▶ EXERCISE DESCRIPTION: In your copy, leave out the pictures and reproduce the listing below exactly.
PROVIDED DATA section start
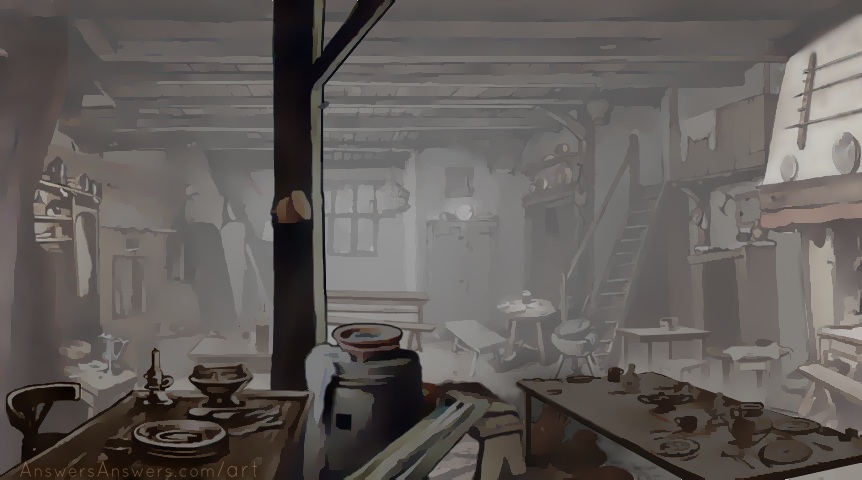 an art painting of a kitchen in a warehouse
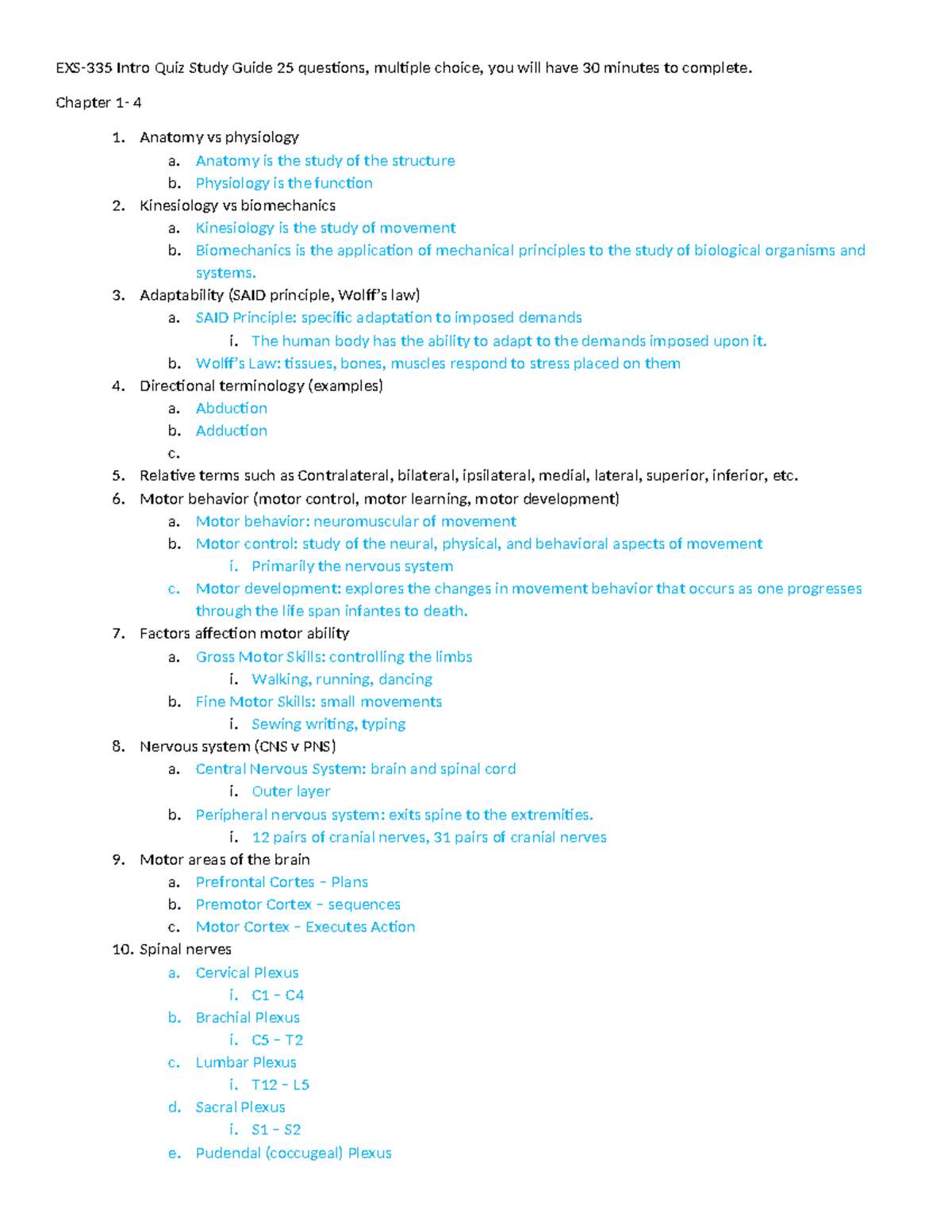 EXS-335 Intro Quiz Study Guide: Key Concepts from Chapters 1-4 - Studocu
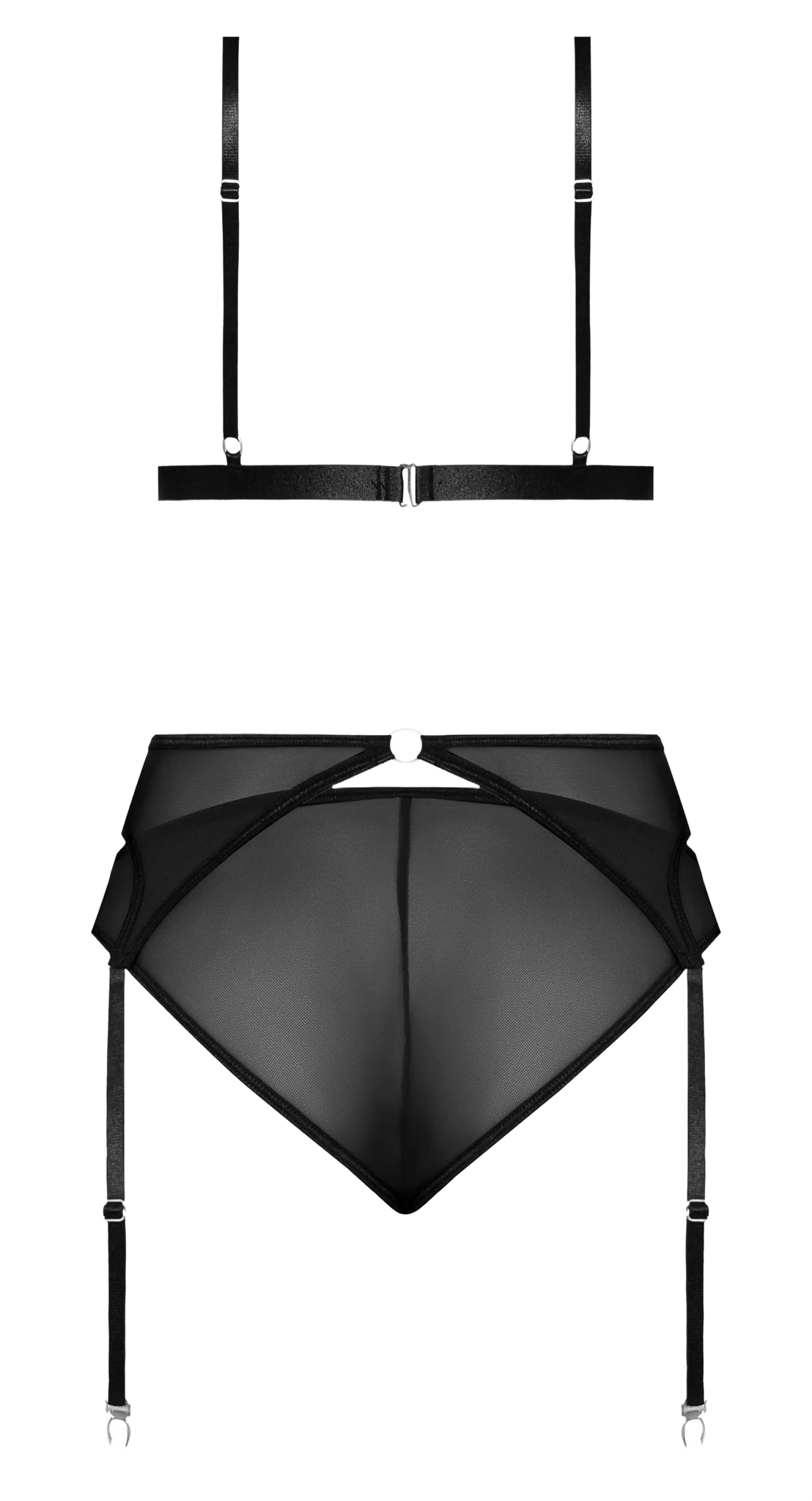 SASSY BRA GARTER & ROUCHED PANTY BLACK Magic Silk Lingerie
PROVIDED DATA section end
▶ ANSWER BOX:
 an art painting of a kitchen in a warehouse
 EXS-335 Intro Quiz Study Guide: Key Concepts from Chapters 1-4 - Studocu
 SASSY BRA GARTER & ROUCHED PANTY BLACK Magic Silk Lingerie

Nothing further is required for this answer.